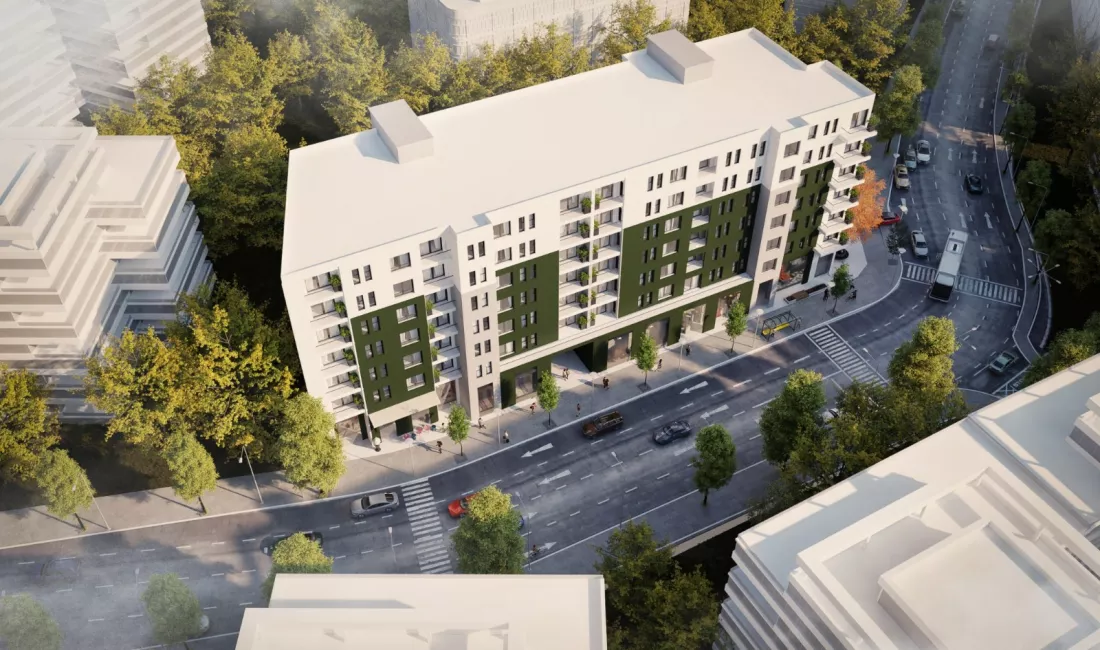 Appartamento in vendita a Tirana 3+1, Vuoto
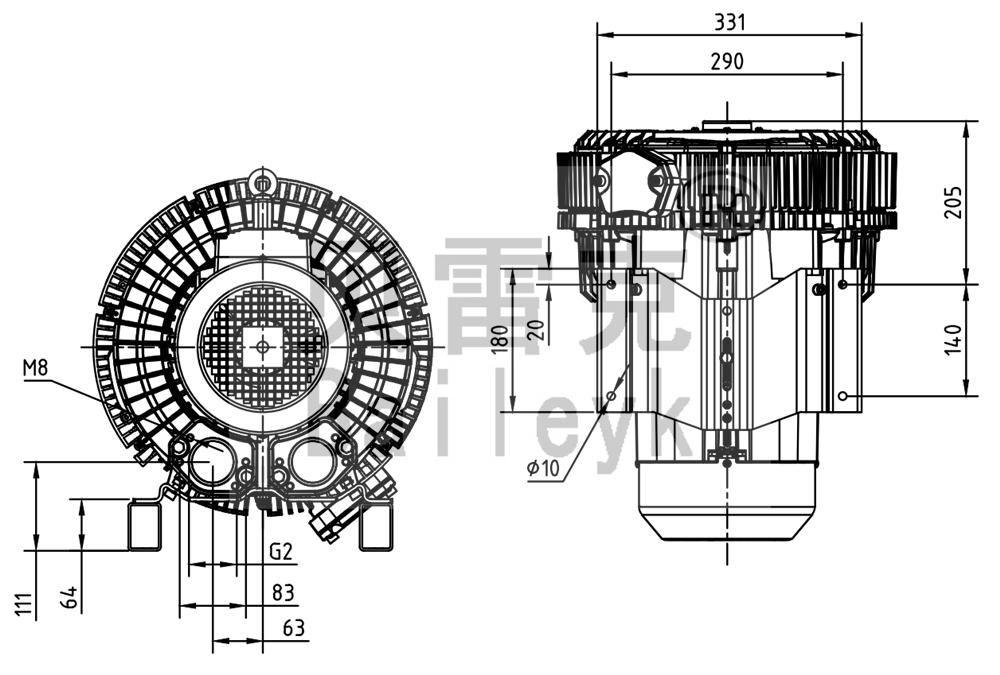 RT-H7443BS技術參數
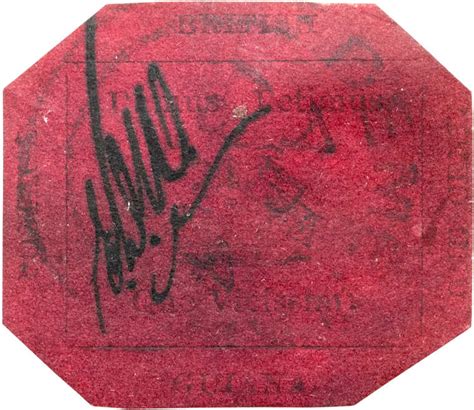 This Old Stamp Is The Worlds Most Expensive Object By Weight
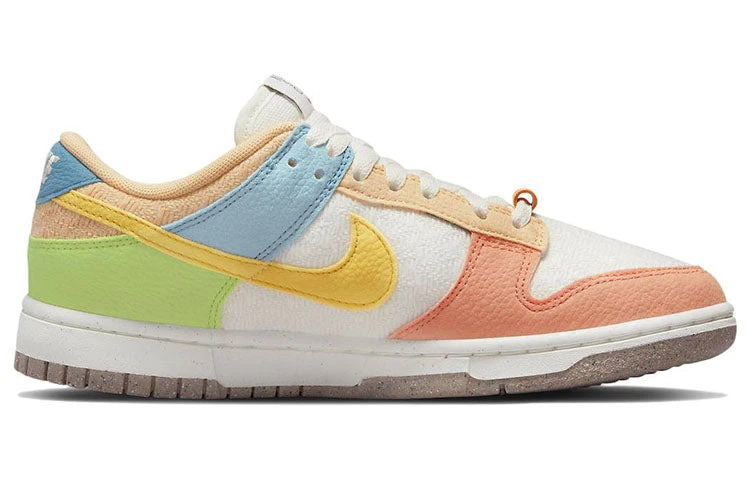(WMNS) Nike Dunk Low SE 'Sun Club' DQ0265-100 2 (WMNS) Nike Dunk Low SE 'Sun Club' DQ0265-100 - Image 2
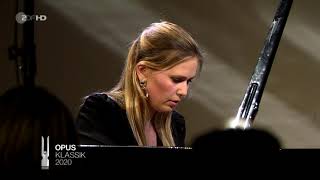 OPUS KLASSIK 2020 Annika Treutler plays Viktor Ullmann [upl. by Stacy]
# # # # # # #
> Task description:
Starting at the line that contains "(WMNS) Nike Dunk Low SE 'Sun Club' DQ0265-100 2", return every line through the end of the records above exactly as written, and return no pictures.

> Exercise answer:
(WMNS) Nike Dunk Low SE 'Sun Club' DQ0265-100 2 (WMNS) Nike Dunk Low SE 'Sun Club' DQ0265-100 - Image 2
 OPUS KLASSIK 2020 Annika Treutler plays Viktor Ullmann [upl. by Stacy]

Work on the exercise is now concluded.